Mustafa Khalifa: „Die Muschel. Tagebuch eines heimlichen Beobachters“. Dar al-Adab, Beirut 2008 (original Arabisch, bisher übersetzt ins Englische, Französische u. Spanische)
Beide ziehen ihre Kleider aus und stehen in Unterhosen da.
„Hey, Kleiner, zieh ihm die Unterhose nach unten!“
Der Junge zieht dem Großen die Unterhose bis zu den Knien.
„Und jetzt du deine!“
Der Kleine zieht seine eigene Unterhose runter.

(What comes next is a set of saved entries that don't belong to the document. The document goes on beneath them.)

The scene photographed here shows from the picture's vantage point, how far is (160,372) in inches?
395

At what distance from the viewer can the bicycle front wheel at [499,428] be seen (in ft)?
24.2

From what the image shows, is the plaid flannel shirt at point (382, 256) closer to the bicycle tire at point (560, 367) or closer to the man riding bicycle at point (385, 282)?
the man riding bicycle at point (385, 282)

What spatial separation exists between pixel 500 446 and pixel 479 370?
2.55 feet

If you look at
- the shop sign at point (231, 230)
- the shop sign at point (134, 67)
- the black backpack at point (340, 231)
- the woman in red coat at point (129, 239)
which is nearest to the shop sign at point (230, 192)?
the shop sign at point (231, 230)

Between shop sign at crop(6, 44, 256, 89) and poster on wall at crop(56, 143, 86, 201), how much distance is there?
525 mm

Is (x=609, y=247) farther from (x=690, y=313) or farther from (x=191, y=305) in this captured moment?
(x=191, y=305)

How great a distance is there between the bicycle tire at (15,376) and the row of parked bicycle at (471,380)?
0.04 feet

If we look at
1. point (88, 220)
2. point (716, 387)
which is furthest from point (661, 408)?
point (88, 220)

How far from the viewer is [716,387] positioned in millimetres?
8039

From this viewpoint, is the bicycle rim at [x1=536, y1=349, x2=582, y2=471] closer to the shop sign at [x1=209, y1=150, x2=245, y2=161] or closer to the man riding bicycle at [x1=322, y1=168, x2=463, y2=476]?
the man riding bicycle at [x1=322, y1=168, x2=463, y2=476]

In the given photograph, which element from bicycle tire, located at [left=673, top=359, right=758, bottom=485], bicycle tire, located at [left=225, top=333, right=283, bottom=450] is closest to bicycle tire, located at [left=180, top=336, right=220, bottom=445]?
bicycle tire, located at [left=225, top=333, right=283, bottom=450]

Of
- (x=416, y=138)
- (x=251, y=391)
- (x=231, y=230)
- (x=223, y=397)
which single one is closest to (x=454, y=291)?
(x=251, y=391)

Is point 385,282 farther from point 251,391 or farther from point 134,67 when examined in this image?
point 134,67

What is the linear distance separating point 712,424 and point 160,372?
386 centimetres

„Und jetzt geh zu ihm und fick ihn, mach mit ihm, was ihr jede Nacht miteinander macht, ihr schwulen Säue … Los, ran an ihn, fick ihn!“
Der Kleine zögert. Der Große drückt seine Pobacken zusammen. Der Feldwebel gibt einem der Militärpolizisten ein Zeichen, der kommt näher und lässt die Peitsche auf den Rücken des Jungen niedergehen … Der Junge drückt sich von hinten an den Großen, der Große erbebt, der Penis des Jungen befindet sich etwa in Höhe der Knie des Großen. Der Feldwebel lacht, auch die Polizisten lachen.
Die Schlange bewegt sich vorwärts, die Köpfe sind gesenkt, die Augen geschlossen, trotzdem sehen es alle, hören es alle … Der Hass und die Schmach werden größer.

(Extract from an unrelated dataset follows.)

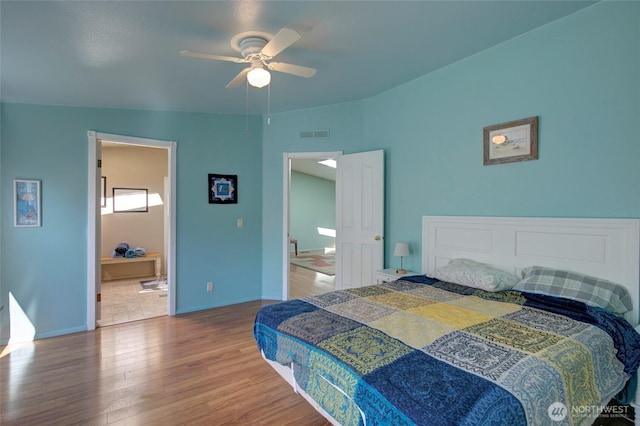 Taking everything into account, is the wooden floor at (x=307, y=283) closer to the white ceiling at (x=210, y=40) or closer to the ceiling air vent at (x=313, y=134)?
the ceiling air vent at (x=313, y=134)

Der Feldwebel befiehlt, die Positionen zu tauschen. Nun steht der Große hinter dem Kleinen. Sein schlaffer und zusammengeschrumpfter Penis befindet sich auf der Höhe des Rückens des Jungen … Es wird weiter gelacht …
Die Schlange bewegt sich vorwärts, die Köpfe sind gesenkt, die Augen geschlossen. (…)
22. Februar
Am frühen Morgen, noch bevor das Essen hereingebracht wurde, öffneten die Militärpolizisten die Zellentür und stürmten herein. Man hätte meinen können, hundert Stiere würden in die Zelle einfallen. Gebrüll, Peitschenschläge, Beleidigungen, dazwischen schrien sie:
„Gesichter zur Wand, los, die Gesichter zur Wand!“
Die Gefangenen waren, kaum war der erste Polizist in der Zelle, aufgesprungen und hatten sich mit den Gesichtern zur Wand gedreht. Ich stand da und wusste nicht, was ich tun sollte.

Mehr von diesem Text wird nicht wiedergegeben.